▶ [PROBLEM TO SOLVE] The answer is to be the lines below that lie between the line holding "May include: A" and the line holding "spare room with", inclusive, transcribed exactly and free of pictures.

▶ [RECORDS FOR THE TASK]
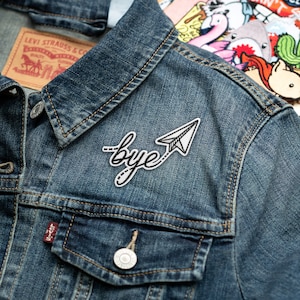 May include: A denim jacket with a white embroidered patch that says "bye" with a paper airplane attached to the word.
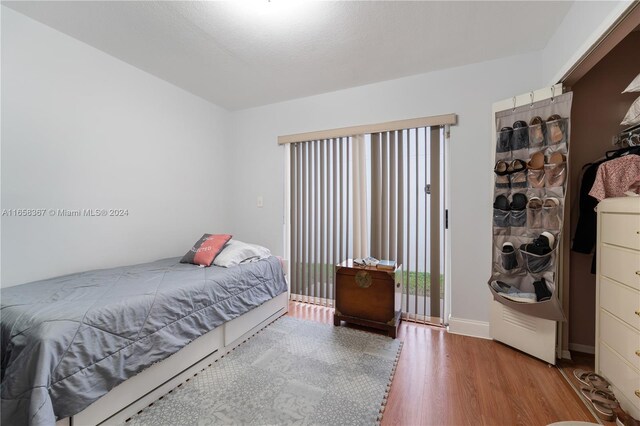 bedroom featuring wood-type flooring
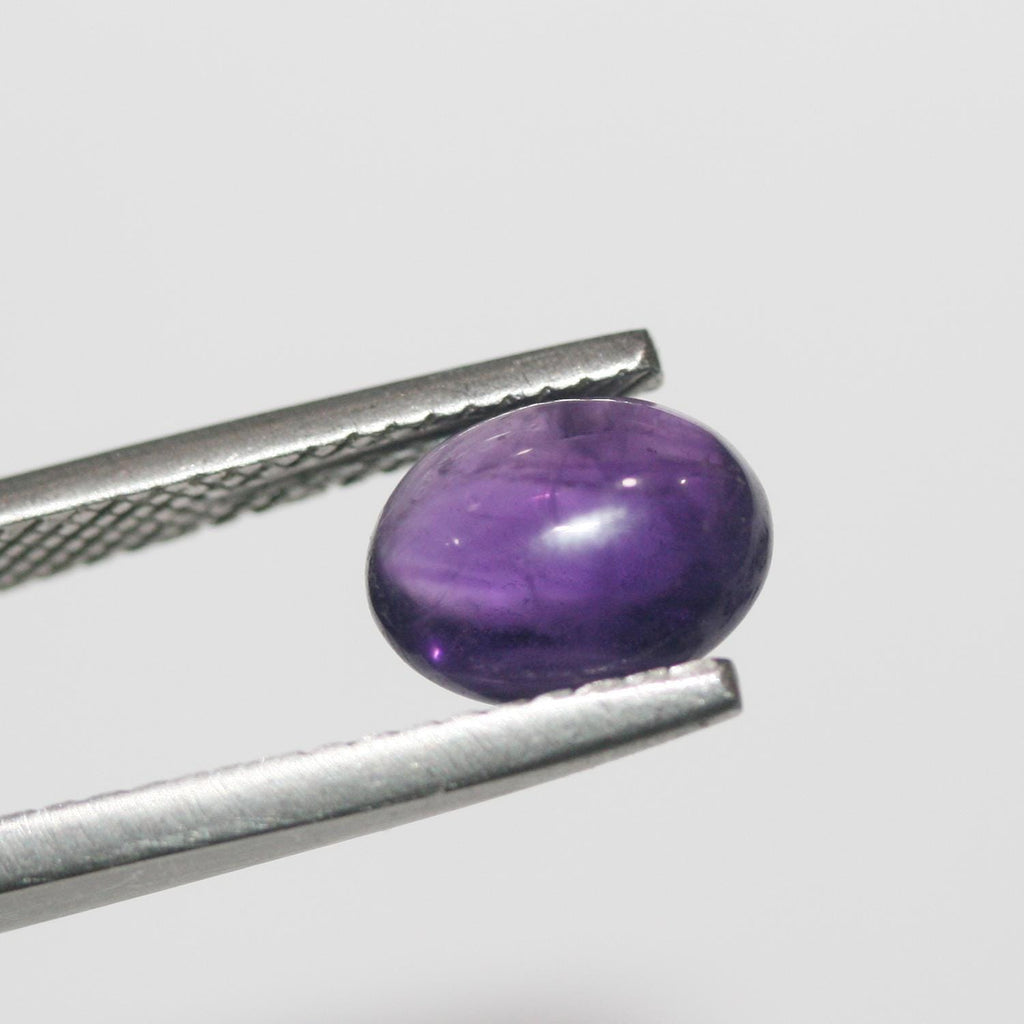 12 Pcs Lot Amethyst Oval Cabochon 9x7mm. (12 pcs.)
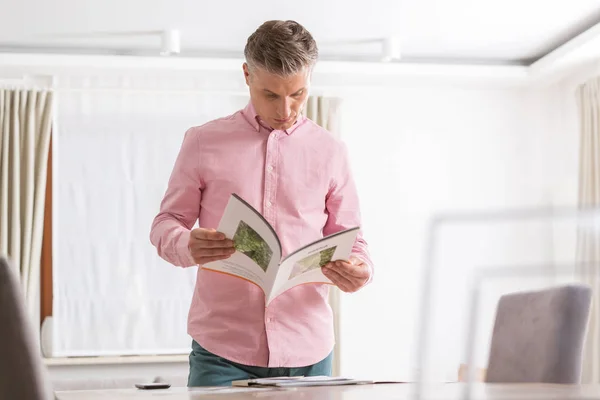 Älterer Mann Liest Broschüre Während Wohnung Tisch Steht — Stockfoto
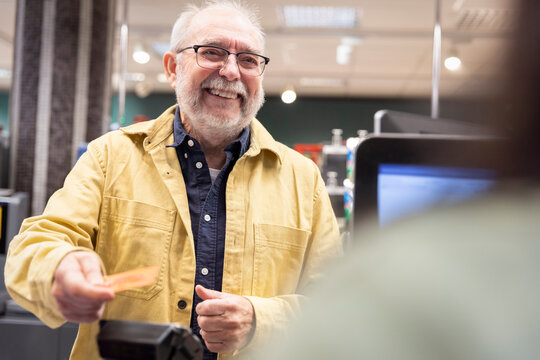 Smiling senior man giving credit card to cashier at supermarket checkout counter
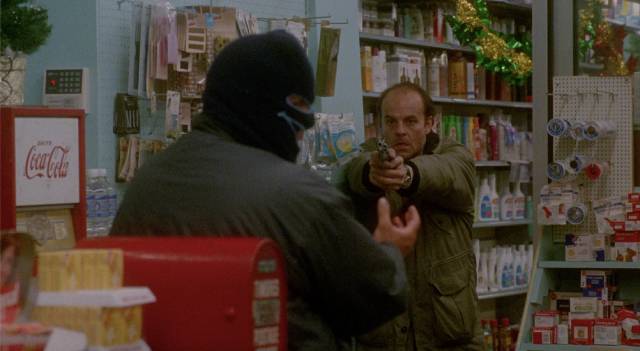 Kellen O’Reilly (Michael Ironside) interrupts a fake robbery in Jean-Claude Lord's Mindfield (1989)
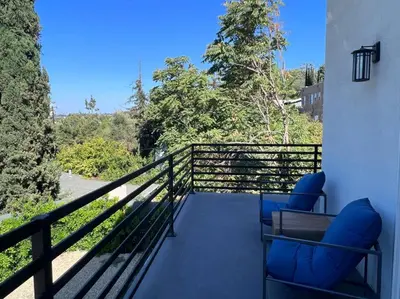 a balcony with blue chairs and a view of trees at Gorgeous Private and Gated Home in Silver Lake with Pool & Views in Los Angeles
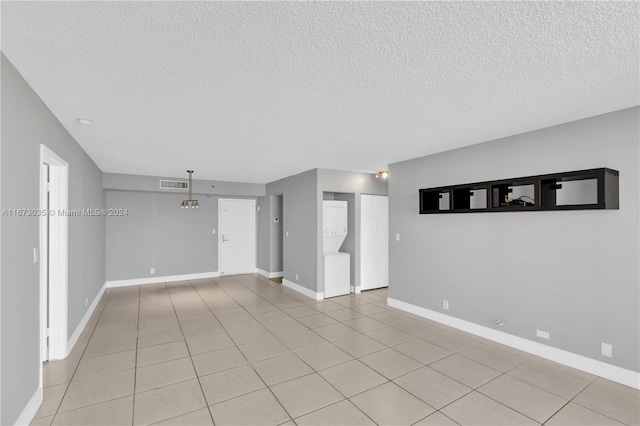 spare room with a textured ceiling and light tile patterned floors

---

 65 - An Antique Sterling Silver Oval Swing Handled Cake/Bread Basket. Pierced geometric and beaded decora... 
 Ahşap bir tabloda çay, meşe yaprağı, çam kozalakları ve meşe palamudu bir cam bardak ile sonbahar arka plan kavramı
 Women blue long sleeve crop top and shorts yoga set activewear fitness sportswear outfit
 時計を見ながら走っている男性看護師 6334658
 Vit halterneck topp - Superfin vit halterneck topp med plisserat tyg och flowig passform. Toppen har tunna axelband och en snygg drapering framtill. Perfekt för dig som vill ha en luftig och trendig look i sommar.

==

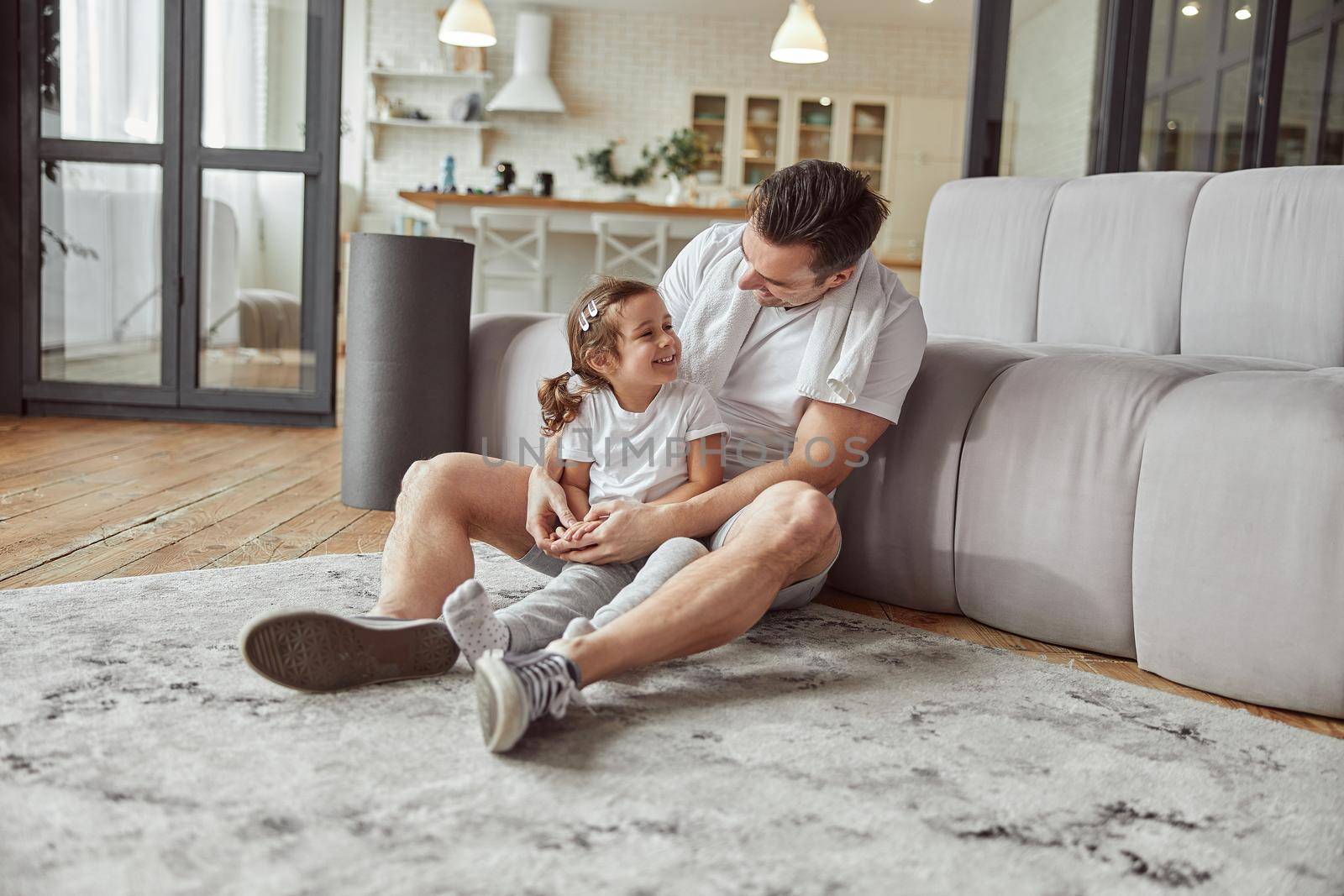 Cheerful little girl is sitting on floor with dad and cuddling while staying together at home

▶ [THE ANSWER]
 May include: A denim jacket with a white embroidered patch that says "bye" with a paper airplane attached to the word.
 bedroom featuring wood-type flooring
 12 Pcs Lot Amethyst Oval Cabochon 9x7mm. (12 pcs.)
 Älterer Mann Liest Broschüre Während Wohnung Tisch Steht — Stockfoto
 Smiling senior man giving credit card to cashier at supermarket checkout counter
 Kellen O’Reilly (Michael Ironside) interrupts a fake robbery in Jean-Claude Lord's Mindfield (1989)
 a balcony with blue chairs and a view of trees at Gorgeous Private and Gated Home in Silver Lake with Pool & Views in Los Angeles
 spare room with a textured ceiling and light tile patterned floors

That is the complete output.